Since DewCor covered those costs upfront — including the poles and underground wiring — and given that the lights are LED and require less electricity, the company said it should be compensated by $589,000, which it says is the net present value of the amount the city would normally pay Newfoundland Power over the anticipated life cycle of the streetlights, with provision for ongoing maintenance and electricity costs.
“This is only fair and equitable treatment for both the developer and taxpayers, and negotiations have been going on since 2018,” Danny Williams said in a letter to city council.
“Quite simply, Galway cannot be expected to incur basic streetlight costs when others do not.”

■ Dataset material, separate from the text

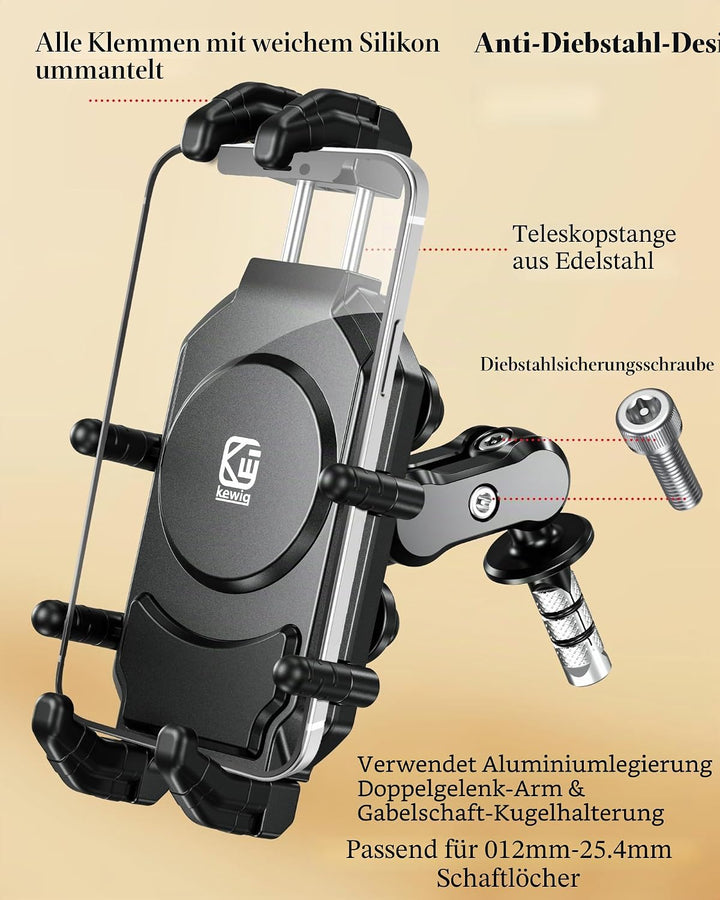 BRCOVAN Motorrad Gabelvorbau Handyhalterung mit Vibrationsdämpfer und Hochgeschwindigkeits-Sicherhei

But not everyone on city council agrees.
At city council’s committee of the whole meeting Wednesday, Councillor-at-Large Maggie Burton said city staff is recommending that the city retain any savings realized from the use of the streetlights, which were installed by the developer in place of the standard streetllights.
“This is a unique situation,” said Burton, head of the planning and development committee, who noted the city does not own, operate or maintain Newfoundland Power light poles.
She said staff believe that if DewCor wanted the savings, it should have included this condition in the initial request to council to use decorative streetlights.
She said the city approved the decorative lights in the first phases of Galway, “even though this is not something the city would normally undertake.”
Burton admitted the lighting has a direct impact on the city’s operating budget. However, she noted the projected savings are based on a number of assumptions regarding future operating and managing costs and, therefore, may or may not be realized in full.
In accepting ownership of these streetlights, the city accepts any risks associated with future costs, she said. As a result, she said, having the city keep the savings is “a fair recommendation.”
Williams said it’s not fair and he is disappointed with the recommendation.
“It’s not appropriate for the city to increase the cost of development in Galway (which is ultimately paid by the resident and business taxpayers in Galway) and use those funds for the benefit of taxpayers in other areas of the city,” he noted.
Williams said DewCor paid approximately $1.37-million for the streetlights, and the city will reap the benefit by owning a much more esthetically pleasing streetscape for the same cost as standard streetlights, with no obligation to pay a rental in perpetuity. To date, nearly $150 million of private money has been spent in Galway for infrastructure and improvements at no cost to the city, Williams said.
“In order to alleviate the financial obligation by the city, we would be prepared to accept this payment as 50 per cent this month and 50 per cent in January 2022, or credited against the company’s municipal taxes."
Council members agreed to defer discussions about the issue to the next committee of the whole meeting on Jan. 20, as Ward 5 Coun. Wally Collins said he wanted further time to review the information.
“We’re building (more or less) a new city over there and there are a lot of things that were never brought up before,” said Collins. “This only popped up to me this last week, so I’d really like to get more information so I can vote on it. … $500,000 is a lot money.”
It’s one of a string of disagreements the city and DewCor have had since the project was begun. The latest was about the installation of a Christmas tree at the main Galway roundabout. Williams was forced to remove it when city council said it was a distraction to motorists.